4 Model Performance Comparision

To select best models out of set of experimental models we may compare the ROCs, Area Uder the Receiver Operating Characteristic Curve (AUROC/AUC), KS, Gini etc.

4.1 Receiver Operating Characteristic(ROC) curve

The ROC curve is a fundamental tool for diagnostic test evaluation. In a ROC curve the true positive rate (Sensitivity) is plotted in function of the false positive rate (100-Specificity) for different cut-off points of a parameter. Each point on the ROC curve represents a sensitivity/specificity pair corresponding to a particular decision threshold. The area under the ROC curve (AUC) is a measure of how well a parameter can distinguish between two diagnostic groups (diseased/normal).

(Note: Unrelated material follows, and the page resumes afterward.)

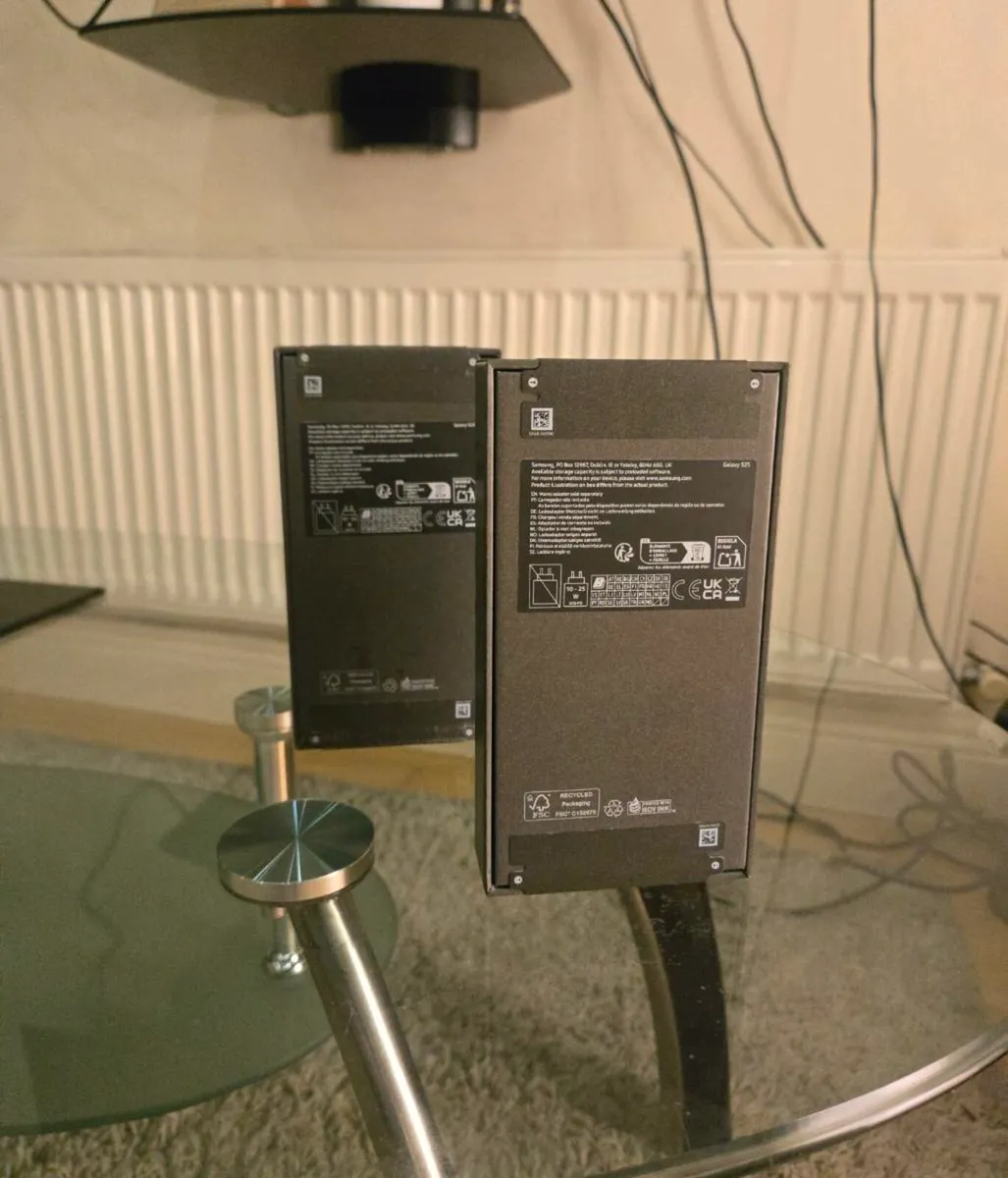 Samsung Galaxy S25 5G 128GB - Image 2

In statistics, a receiver operating characteristic (ROC), or ROC curve, is a graphical plot that illustrates the performance of a binary classifier system as its discrimination threshold is varied. The curve is created by plotting the true positive rate (TPR) against the false positive rate (FPR) at various threshold settings. The true-positive rate is also known as sensitivity, recall or probability of detection in machine learning. The false-positive rate is also known as the fall-out or probability of false alarm and can be calculated as (1 − specificity. Source:wiki

ROC analysis provides tools to select possibly optimal models and to discard suboptimal ones independently from (and prior to specifying) the cost context or the class distribution. ROC analysis is related in a direct and natural way to cost/benefit analysis of diagnostic decision making.

Read more here.

#Compare ROC Performance of Models
plot(m1_perf, col='blue', lty=1, main='ROCs: Model Performance Comparision') # logistic regression
plot(m2_perf, col='gold',lty=2, add=TRUE); # simple tree
plot(m2_1_perf, col='dark orange',lty=3, add=TRUE); #tree with 90/10 prior
plot(m3_perf, col='green',add=TRUE,lty=4); # random forest
plot(m4_perf, col='dark gray',add=TRUE,lty=5); # Conditional Inference Tree
plot(m3_2_perf, col='dark green',add=TRUE,lty=6); # Improved logistic regression using random forest
plot(m7_2_perf, col='black',add=TRUE,lty=7); # Support Vector Machine (SVM)
plot(m8_perf, col='red',add=TRUE,lty=8); # Neural Network
plot(m9_2_perf, col='brown',add=TRUE,lty=9); # Neural Network
    legend(0.6,0.5,
           c('m1:logistic reg','m2:Recursive Partitioning','m2_1:Recursive Partitioning - Bayesian', 
              'm3:random forest', "m4:condtn inference tree", "m3_2:Improved Logistic", "m7_2:SVM", 
              "m8:Neural Net", "m9:Lasso"),
           col=c('blue','gold', 'orange','green', 'dark gray', 'dark green', "black", "red","brown"),
           lwd=3);
lines(c(0,1),c(0,1),col = "gray", lty = 4 ) # random line

4.2 Model Accuracy Measures- AUC, KS, Gini

4.2.1 AUC: Area under the ROC curve

This is the most common measure of accuracy for machine learning techniques for binary classification problems. It is best to use as AUROC or AUROCC than using AUC as ‘AUC’ can be area under any curve and we are interested in only “Area under ROC curve”.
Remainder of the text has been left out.